Quanto aos restantes indivíduos ouvidos num parque de estacionamento, a Polícia Judiciária confirmou ter interceptado três dezenas de pessoas naquilo que descreveu como “uma operação regular anticrime”, que não foi motivada por qualquer queixa e sem relação com a vigília.

A versão das autoridades coincide com as declarações de Ho Iat Seng. O candidato a Chefe do Executivo disse ontem não ter informação sobre a matéria, por não ter estado no local. Ainda assim, acredita “que a polícia tem capacidade de julgamento para lidar bem com o assunto”.

Tiques de ditadura

Ho Iat Seng entende ainda que as autoridades não actuaram de forma repressiva, afastando a hipótese de “terror branco”. Tese com a qual o académico António Katchi não poderia estar mais em desacordo.

O especialista em Direito Constitucional enquadra o que se passou com o clima político de Hong Kong. Se o descontentamento e o “levantamento revolucionário das massas populares em Hong Kong” não alastrar a outras regiões, estará votado ao fracasso. Assim sendo, “é vital isolar o mais possível a população de Hong Kong. Neste contexto, o Governo de Macau, vê-se obrigado a cortar qualquer ligação entre os democratas de Macau e os democratas de Hong Kong. É claro que, com isto, o Governo de Macau está a semear o terror (o “terror branco”) entre a juventude de Macau, tentando expulsá-la do activismo político e matar nela os sentimentos mais generosos e o lado mais altruísta”.

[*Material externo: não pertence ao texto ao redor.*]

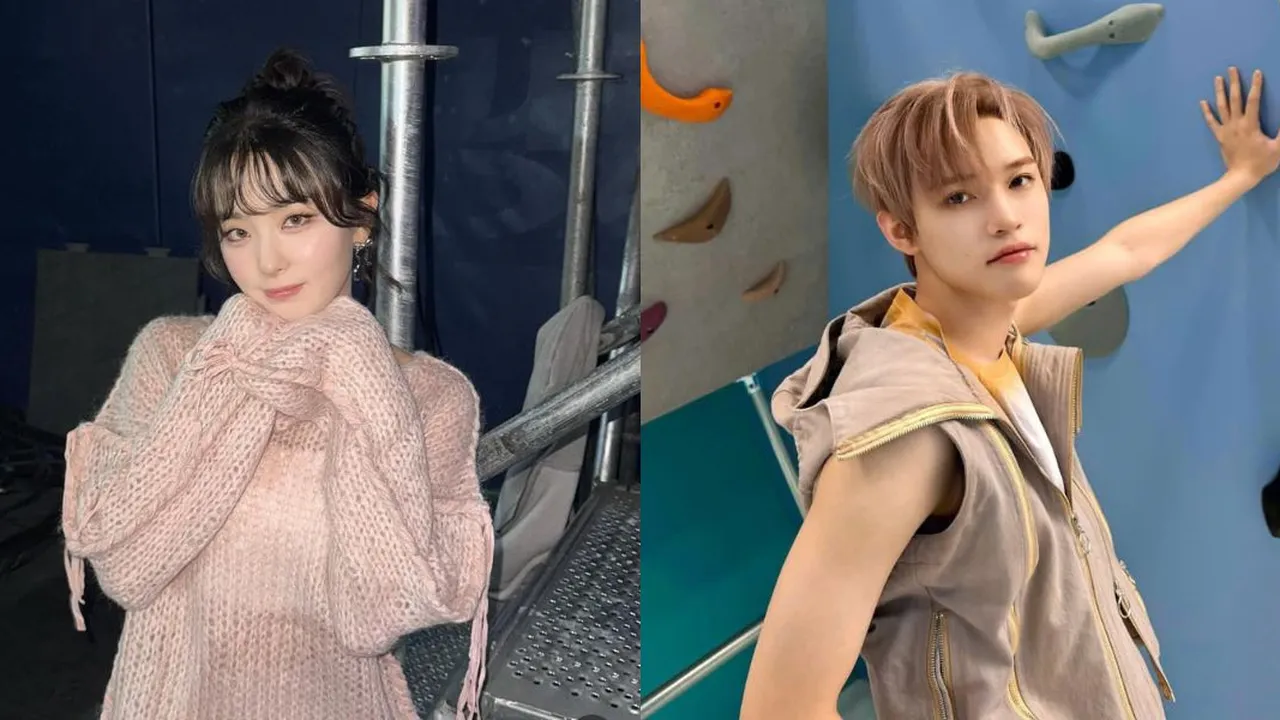 4 Idol Kpop yang Pernah Tolak Oplas, Pilih Tampil Natural dan Bersyukur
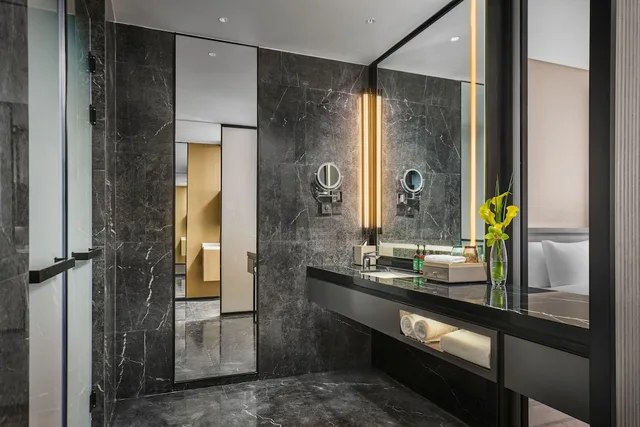 Crowne Plaza Shaoxing Binhai New Area by IHG, Shangyu 48/50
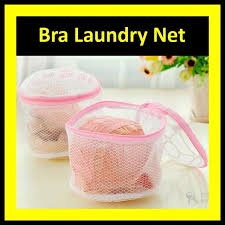 KERANJANG LAUNDRY BRA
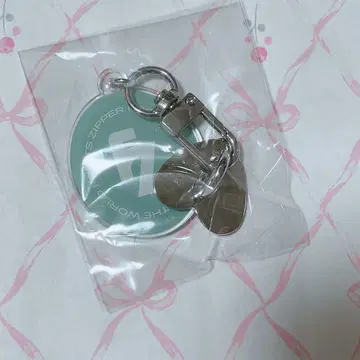 FRUITS ZIPPER 사쿠라이 유이 스마트폰 키링 라쿠텐 복권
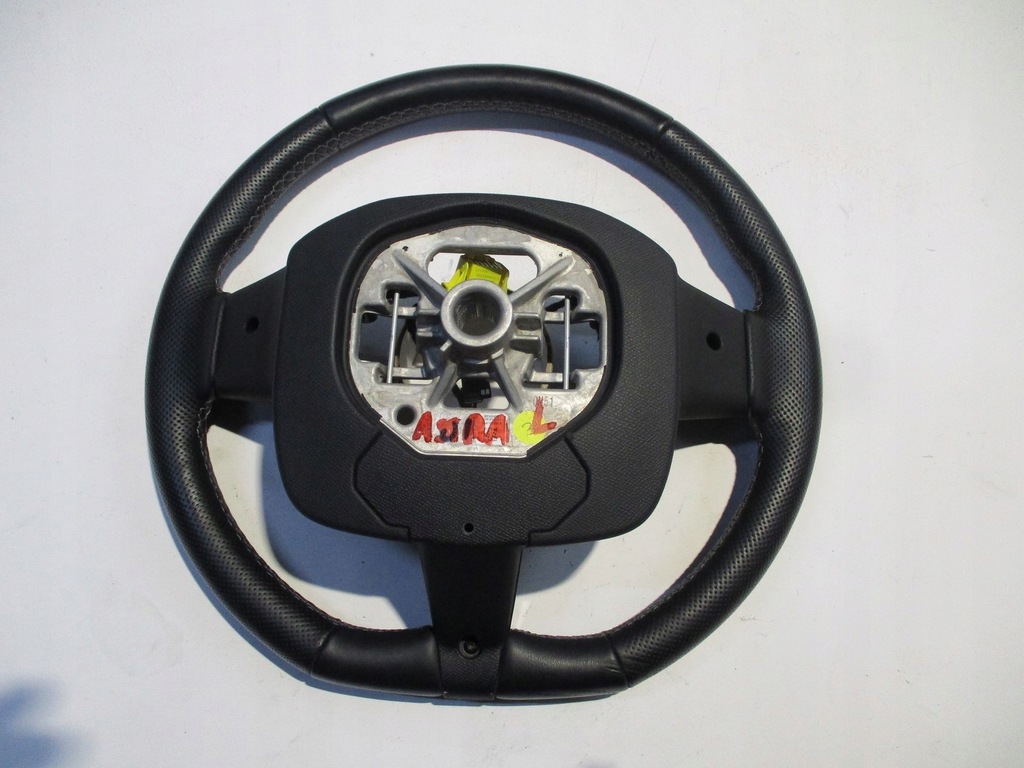 фото №8, Воздуховод opel astra l 6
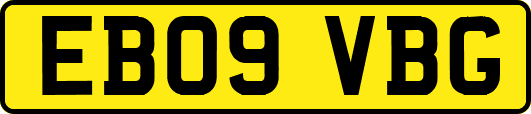 EB09VBG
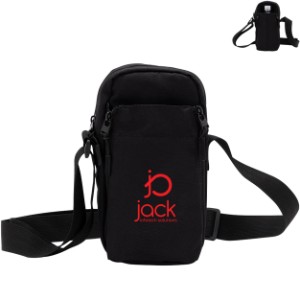 Oasis rPET Crossbody Drink Bag - SZ1238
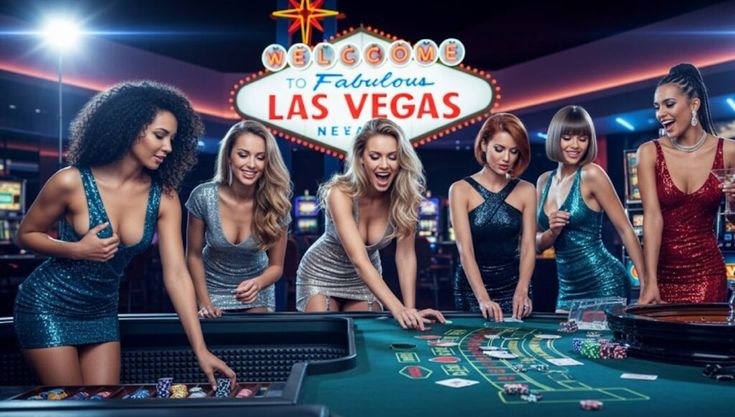 Best Online Casinos in Australia 2025 – Where Aussies Love to Play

Apesar das autoridades, e do futuro Chefe do Executivo, terem reiterado que não houve detenções, o advogado Jorge Menezes não alinha na argumentação apresentada: “A polícia disse que as pessoas não estavam detidas, mas isso é falso. Qualquer pessoa que não esteja livre para fazer o que quiser e ir embora para casa está detida. Detenção é, desde logo, estar privado da liberdade de movimento. Isso é brincar com as palavras. É uma detenção ilegal e ao dizer que não é detenção a polícia tenta fugir à responsabilidade por uma medida ilegal.”

Aliás, o facto de algumas pessoas terem sido identificadas três vezes, “outras detidas durante horas ilegalmente, revistadas e telemóveis vistos ou apreendidos”, tudo isto “são ilegalidades típicas de regimes autoritários”.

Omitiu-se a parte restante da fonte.